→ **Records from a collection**
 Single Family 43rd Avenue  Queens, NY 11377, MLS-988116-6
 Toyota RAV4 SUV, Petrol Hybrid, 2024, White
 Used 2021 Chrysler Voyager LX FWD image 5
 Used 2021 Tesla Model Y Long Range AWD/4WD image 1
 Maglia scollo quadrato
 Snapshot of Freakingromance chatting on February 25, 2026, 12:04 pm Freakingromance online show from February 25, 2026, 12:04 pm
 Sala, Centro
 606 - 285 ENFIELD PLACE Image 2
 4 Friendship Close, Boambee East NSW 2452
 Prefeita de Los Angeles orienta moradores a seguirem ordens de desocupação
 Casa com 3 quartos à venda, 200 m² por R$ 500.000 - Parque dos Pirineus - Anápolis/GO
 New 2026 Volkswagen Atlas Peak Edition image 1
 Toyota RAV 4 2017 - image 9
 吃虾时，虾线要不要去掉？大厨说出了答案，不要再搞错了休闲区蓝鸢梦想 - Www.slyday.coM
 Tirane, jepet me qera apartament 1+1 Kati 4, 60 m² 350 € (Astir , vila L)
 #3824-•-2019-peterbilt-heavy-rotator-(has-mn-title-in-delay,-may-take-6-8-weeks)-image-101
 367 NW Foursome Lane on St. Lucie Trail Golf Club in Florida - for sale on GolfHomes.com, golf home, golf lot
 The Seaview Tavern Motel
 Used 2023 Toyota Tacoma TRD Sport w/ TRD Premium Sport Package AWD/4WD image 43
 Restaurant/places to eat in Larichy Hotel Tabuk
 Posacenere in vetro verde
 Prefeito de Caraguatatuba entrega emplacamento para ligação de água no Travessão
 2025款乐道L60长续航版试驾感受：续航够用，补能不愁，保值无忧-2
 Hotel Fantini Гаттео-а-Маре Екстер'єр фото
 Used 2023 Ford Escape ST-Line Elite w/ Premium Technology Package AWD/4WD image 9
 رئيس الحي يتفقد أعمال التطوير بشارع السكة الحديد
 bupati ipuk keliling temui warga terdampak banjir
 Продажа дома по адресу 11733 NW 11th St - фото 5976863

→ **Required work**
Restate the line containing "Sala, Centro" and every remaining line of the records word for word. Add nothing.

→ **Written solution**
 Sala, Centro
 606 - 285 ENFIELD PLACE Image 2
 4 Friendship Close, Boambee East NSW 2452
 Prefeita de Los Angeles orienta moradores a seguirem ordens de desocupação
 Casa com 3 quartos à venda, 200 m² por R$ 500.000 - Parque dos Pirineus - Anápolis/GO
 New 2026 Volkswagen Atlas Peak Edition image 1
 Toyota RAV 4 2017 - image 9
 吃虾时，虾线要不要去掉？大厨说出了答案，不要再搞错了休闲区蓝鸢梦想 - Www.slyday.coM
 Tirane, jepet me qera apartament 1+1 Kati 4, 60 m² 350 € (Astir , vila L)
 #3824-•-2019-peterbilt-heavy-rotator-(has-mn-title-in-delay,-may-take-6-8-weeks)-image-101
 367 NW Foursome Lane on St. Lucie Trail Golf Club in Florida - for sale on GolfHomes.com, golf home, golf lot
 The Seaview Tavern Motel
 Used 2023 Toyota Tacoma TRD Sport w/ TRD Premium Sport Package AWD/4WD image 43
 Restaurant/places to eat in Larichy Hotel Tabuk
 Posacenere in vetro verde
 Prefeito de Caraguatatuba entrega emplacamento para ligação de água no Travessão
 2025款乐道L60长续航版试驾感受：续航够用，补能不愁，保值无忧-2
 Hotel Fantini Гаттео-а-Маре Екстер'єр фото
 Used 2023 Ford Escape ST-Line Elite w/ Premium Technology Package AWD/4WD image 9
 رئيس الحي يتفقد أعمال التطوير بشارع السكة الحديد
 bupati ipuk keliling temui warga terdampak banjir
 Продажа дома по адресу 11733 NW 11th St - фото 5976863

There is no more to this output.